По окончании университета Эйхенбаум мыслит для себя в качестве идеального образа жизни возможность совместить филологические штудии с сотрудничеством в периодике. «Соединить работу журнальную с научной — мой идеал», — пишет он родителям в октябре 1913 года. И добавляет: «Журнальная, по-видимому, пойдет хорошо» [Кертис 2004: 292]. К этому времени он уже печатался в еженедельнике «Запросы жизни» (семь публикаций вышли там в 1912 году), а после его закрытия сотрудничал в ежедневной газете «Русская молва» (декабрь 1912 — август 1913). Нам известны пятнадцать материалов Эйхенбаума в «Русской молве». Два из них («Роман или биография?» и «Страшный лад») вошли в книгу 1987 года «О литературе», еще два («Memento» и «Искупление») были републикованы позднее [Акмеизм… 2014: 222–224; Орлова 2019: 120–121], остальные остаются мало или вовсе неизвестными.

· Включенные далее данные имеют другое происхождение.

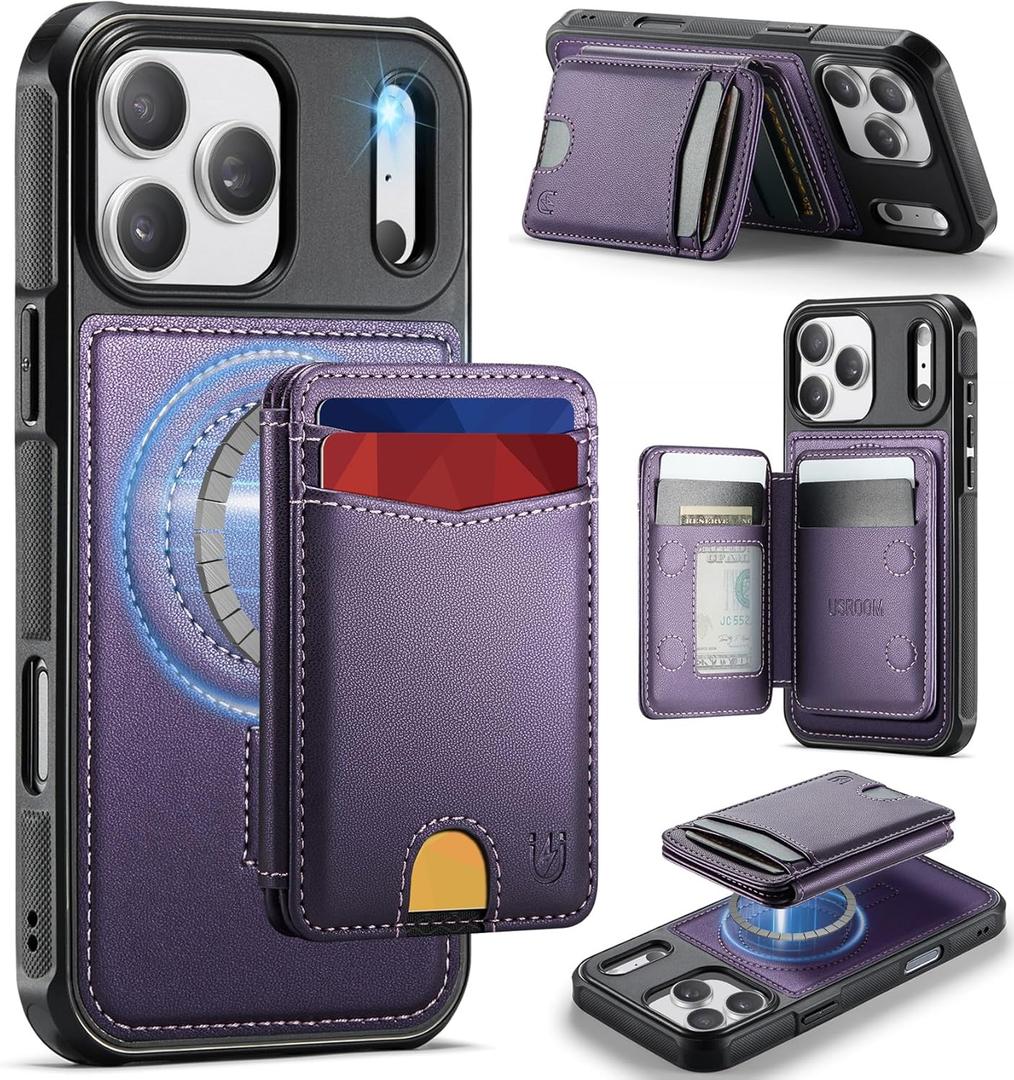 for iPhone 17 Pro Max Wallet Case Compatible with Magsafe, Magnetic RFID Blocking Card Holder Kickstand 2 in 1 Detachable Case for iPhone 17 Pro Max 6.9", Purple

Здесь мы затронем только сюжет, связанный с акмеизмом и отношением к нему Эйхенбаума. Это позволит нам прокомментировать его выступления в «Русской молве» с учетом контекста его собственных и других материалов газеты, пока почти не изученной.

Репутация «Русской молвы» была предопределена для историков журналистики и литературы советского времени резко отрицательными отзывами В. Ленина, заклеймившего ее в 1913 году как «орган прогрессистов, орган проповеди компромисса между октябристами и к.-д.», как газету «с демократической вывеской и с октябристской сутью» [Ленин 1961: 383], созданную, по мнению Ленина, для объединения левых и правых кадетов. После 1917 года и вплоть до начала XXI века эти характеристики, равно как и аттестация газеты в качестве буржуазно-либеральной и националистической, неизбежно повторялись в печати, и иначе быть, конечно, не могло. На самом же деле, как показывает анализ содержания газеты, «Русская молва» не была ни националистической, ни псевдодемократической. Это была газета, позиционировавшая себя как прогрессивная и беспартийная. Она не являлась официальным органом ни одной партии (впрочем, вопрос о газете «Речь», считающейся и до сих пор органом партии кадетов, тоже оказывается в наше время спорным). Несмотря на то что издатель «Русской молвы» Д. Протопопов и ее фактический редактор А. Тыркова-Вильямс были членами ЦК Партии народной свободы, все же издаваемая ими газета была рассчитана на самую широкую просвещенную аудиторию и ставила целью объединение всех прогрессивных сил России, создание общественного мнения в борьбе за свободу, то есть за конституционный строй. Так что правильнее говорить не о партийности, а о «политической психологии» газеты, достаточно умеренной, но безусловно прогрессивной. «По своему направлению, или, вернее, по политической психологии, газета занимала позицию правее кадетов», — свидетельствует А. Борман [Борман 1964: 99–100]. Протопопов и Тыркова к 1912 году, времени учреждения газеты, уже имели опыт противостояния правительству: Протопопов в 1895–1899 годах находился под гласным надзором полиции, был выслан в Финляндию на три года за пропаганду среди крестьян. Затем в 1906 году, как член I Госдумы, за подписание так называемого «Выборгского воззвания» против ее роспуска был приговорен к трем месяцам тюрьмы и лишен права быть избранным. Тыркову в 1904 году привлекали к суду за провоз запрещенного в России журнала «Освобождение» (до учреждения Партии народной свободы они оба участвовали в нелегальном Союзе освобождения). Тыркова тогда, в 1904 году, скрылась за границу и в Женеве познакомилась с Лениным, который отнесся к ней резко отрицательно (впрочем, неприязнь была взаимной).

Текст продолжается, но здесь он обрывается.